"Todo o Nada" se desarrolla en un marginado barrio londinense en el que todo lo inunda la pobreza, la tristeza y el primitivo instinto sexual. Cada uno de los personajes tiene su propia miseria, su propio destino, que parece repetirse generación tras generación: Rory ha heredado la vaguería de Phil, Rachel, que vive sumida en su trabajo como limpiadora de una residencia de ancianos, es un fiel reflejo del esfuerzo y constancia de Penny, que cada día se levanta para ir a trabajar como cajera en un supermercado. También Donna rescribe su propia historia al quedarse embarazada de Jason, prototipo de hombre machista y maltratador, cayendo de eso modo en el error que años atrás había cometido su madre, Maureen.
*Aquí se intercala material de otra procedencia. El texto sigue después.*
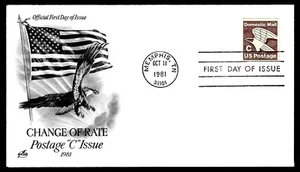 USA, SCOTT # 1946, ARTCRAFT FDC COVER - C RATE CHANGE, EAGLE, YEAR 1981 - Picture 1 of 1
A su vez, Samantha vive su propio infierno, con unos padres alcoholicos que pasan de ella y un desequilibrado joven obsesionado por ella.
Crítica
Puntuación del crítico: 7
Buena película coral de Mike Leigh, tres historias de tres famílias sin ninguna esperanza ni oportunidad en la vida, sin ilusiones ni ganas de vivir, sumidas en la rutina y que además han olvidado algo muy importante: el AMOR. Es una película muy bien llevada, con momentos poéticos (como el viaje emocional que hace Phil el taxista hasta la playa) pero el punto fuerte es el trabajo de los actores, están soberbios todos, cada uno vive intensamente su personaje, cosa que demuestra una vez más la habilidad de Mike Leigh en la dirección de actores.
Lo que no me acabó de gustar de la película es que tiene un final muy abierto, y en el caso de la historia de Samantha y su amigo el acosador algo inconclusa. Cosa que por un lado está bien, ya que es como la vida misma, no se soluciona todo con un repentino happy end. Pero llega un momento en que les cojes tanto cariño a los personajes que quieres seguir viendo desde el sofá sus triste y a la par emocionantes vidas. Entonces es cuando salen los créditos.
nadsat
Película enviada por raccordboy el 8 de Junio de 2005
Una obra casi maestra, aunque sólo fuera por la brutal escena entre Timothy Spall y Lesley Manville nada más llegar del hospital. Tan sobrecogedora como la imágen de una madre corriendo al hospital tras enterarse de que su hijo ha sufrido un ataque. Emotiva, veraz, una película ante la que es imposible permanecer indiferente. Las interpretaciones de todo el reparto, y en especial de los dos protagonistas, son admirables.